Tuesday, June 23, 2015

Pattern : Design for Failure

There are two basic categories of failures, which you’ll want to handle differently:
  • Transient, self-healing failures such as intermittent network connectivity issues.
  • Enduring failures that require intervention.
For transient failures, you can implement a retry policy to ensure that most of the time the app recovers quickly and automatically. Your customers might notice slightly longer response time, but otherwise they won’t be affected.

For enduring failures, you can implement monitoring and logging functionality that notifies you promptly when issues arise and that facilitates root-cause analysis.

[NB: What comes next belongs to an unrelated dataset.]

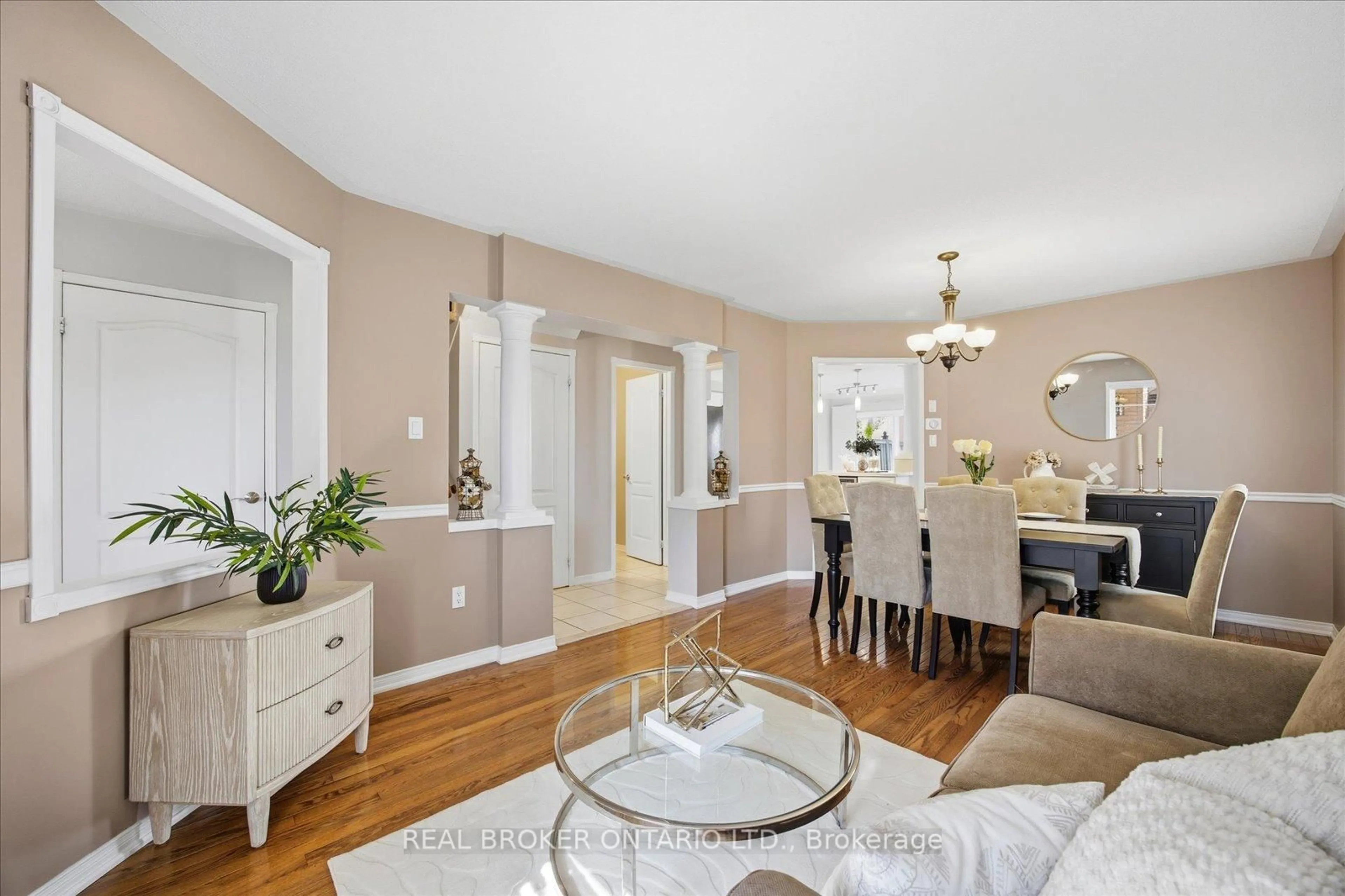 Dining room, wood/laminate floor for 61 Aster Cres, Whitby Ontario L1M 1J8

Machine failures is fairly common in the cloud world. How do we get machine resiliency?







FAILURE SCOPE

You also have to think about failure scope—whether a single machine is affected, a whole service such as SQL Database or Storage, or an entire region.
 

Machine failures

In Azure, a failed server is automatically replaced by a new one, and a well-designed cloud app recovers from this kind of failure automatically and quickly. Earlier, we stressed the scalability benefits of a stateless web tier, and ease of recovery from a failed server is another benefit of statelessness. Ease of recovery is also one of the benefits of platform-as-a-service (PaaS) features such as SQL Database and Web Apps. Hardware failures are rare, but when they occur, these services handle them automatically; you don’t even have to write code to handle machine failures when you’re using one of these services.

Service failures

Cloud apps typically use multiple services. For example, the Fix It app uses the SQL Database service and the Storage service, and it’s deployed to the Web Apps service. What will your app do if one of the services you depend on fails? For some service failures a friendly “Sorry, try again later” message might be the best you can do. But in many scenarios you can do better. For example, when your back-end data store is down, you can accept user input, display “Your request has been received,” and store the input someplace else temporarily. Then, when the service you need is operational again, you can retrieve the input and process it.
Chapter 13, “Queue-centric work pattern,” shows one way to handle this scenario. The Fix It app stores tasks in SQL Database, but it doesn’t have to quit working when SQL Database is down. In that chapter you'll see how to store user input for a task in a queue and use a worker process to read the queue and update the task. If SQL Database is down, the ability to create Fix It tasks is unaffected; the worker process can wait and process new tasks when SQL Database is available.

Region failures

Entire regions may fail. A natural disaster might destroy a data center—it might be flattened by a meteor, the trunk line into the datacenter could be cut by a farmer burying a cow with a backhoe, etc. If your app is hosted in the stricken data center, what do you do? It’s possible to set up your app in Azure to run in multiple regions simultaneously so that if a disaster occurs in one, your app continues running in another region. Such failures are extremely rare occurrences, and most apps don’t jump through the hoops necessary to ensure uninterrupted service through failures of this sort. See the Resources section at the end of the chapter for information about how to keep your app available even through a region failure.
A goal of Azure is to make handling these kinds of failures a lot easier, and you’ll see some examples of how Azure does that in the following chapters.